Dalgleish explained: “We would help Scottish companies get connections and open doors down here.

“It was really just about bringing Scots in London together.”

Going global

The SBN has gone from strength to strength since then and has since connected several thousand Scots across the world, including in Atlanta, Tokyo and Sydney.

It has 48 ambassadors represent the organisation across the globe in 22 countries and it’s all entirely voluntary.

Recent appointments were made in the likes of Dublin, Melbourne, Hong Kong, Vietnam, Indonesia and Berlin.

“Our primary purpose is to connect Scots and the Scottish diaspora. So if a Scot dropped me a note asking to find out what’s happening in Paraguay for example, I can connect them with Scots living out there,” Dalgleish explained.

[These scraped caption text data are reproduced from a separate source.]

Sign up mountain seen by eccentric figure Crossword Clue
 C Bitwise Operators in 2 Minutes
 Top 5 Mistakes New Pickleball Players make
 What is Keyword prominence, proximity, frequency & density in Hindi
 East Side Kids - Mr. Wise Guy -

“The theory is that in business it’s those meetings where you learn something you didn’t know before that can be transformational.

“We’ve been viewed as one of the world’s leading organisations in that sense.”

The importance of connecting

The SBN has helped a number of people succeed. For example, the chairman explains how the organisation worked with an artist to help his first gallery in North America become a success.

“This guy came to us and said he was doing an exhibition in Toronto. We basically reached out to every Scot that we could find in our network with a sort of do you know message and he got a major turnout for his exhibition.

“It meant the business and gallery thought he must be incredible because so many people turned out.”

As well as this, the SBN holds a number of events across the globe, including one recently in Valencia where people were able to learn about opportunities for Scottish businesses in Spain.

On the importance of the diaspora, he added: “When I was first getting started, I spoke with somebody involved in building contacts with the Irish diaspora and it’s the power that gives you.

“A country like Scotland having representation in every city and town in the world is incredibly useful.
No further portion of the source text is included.